A sly double entendre referring to the amount of manure the scam writer is shoveling? In any case a deft touch.
Also note how the slightly manic quality of the run-on sentence helps convey the writer’s supposed desperation.
The stage is now set for the section I call the “appeal to decency.” This is where the scam writer can really stretch out:
I am just 22years old and a university undergraduate and really don’t know what to do. So please I am pleading you, if you can help me to transfer this money to your country so that I can join you there to further my education and also for better investment of the money.

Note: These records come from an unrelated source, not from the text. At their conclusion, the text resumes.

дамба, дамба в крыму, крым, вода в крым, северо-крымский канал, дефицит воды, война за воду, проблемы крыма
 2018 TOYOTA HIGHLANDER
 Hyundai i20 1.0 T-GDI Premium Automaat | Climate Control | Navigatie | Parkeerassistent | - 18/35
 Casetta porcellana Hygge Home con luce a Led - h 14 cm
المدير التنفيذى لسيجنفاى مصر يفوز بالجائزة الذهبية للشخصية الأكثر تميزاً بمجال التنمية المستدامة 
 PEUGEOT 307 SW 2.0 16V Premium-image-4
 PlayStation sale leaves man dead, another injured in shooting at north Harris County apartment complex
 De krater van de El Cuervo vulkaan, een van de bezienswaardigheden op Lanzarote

Please try as much as possible to help me, as you can see , this money is my only hope rest now, and my whole life, so please try as much as possible to help me out of this situation. and I promise you that you will never regret doing this to me.
Note again how her poor English works to her advantage: “Doing this to me” instead of the more normal “for me.”
Another subtle play on words, perhaps, reinforcing the writer’s vulnerability in this cruel world?
All this is a set–up for the “ask.” Like Alec Baldwin in Glengarry Glen Ross, the Nigerian scam writer lives by the principle of ABC: Always Be Closing. Miss Esther gives us a new twist, with a modern bullet–point ask suitable for the 22–year–old of today:
Now permit me to ask these few questions,
1. Can you honestly help me from your heart?
2. Can I completely trust you?
3. What percentage of the total amount in question will be good for you after the deposit is delivered to your care?
Oh, I don’t need much, Esther. Just a cool million will be fine for me. Happy New Year!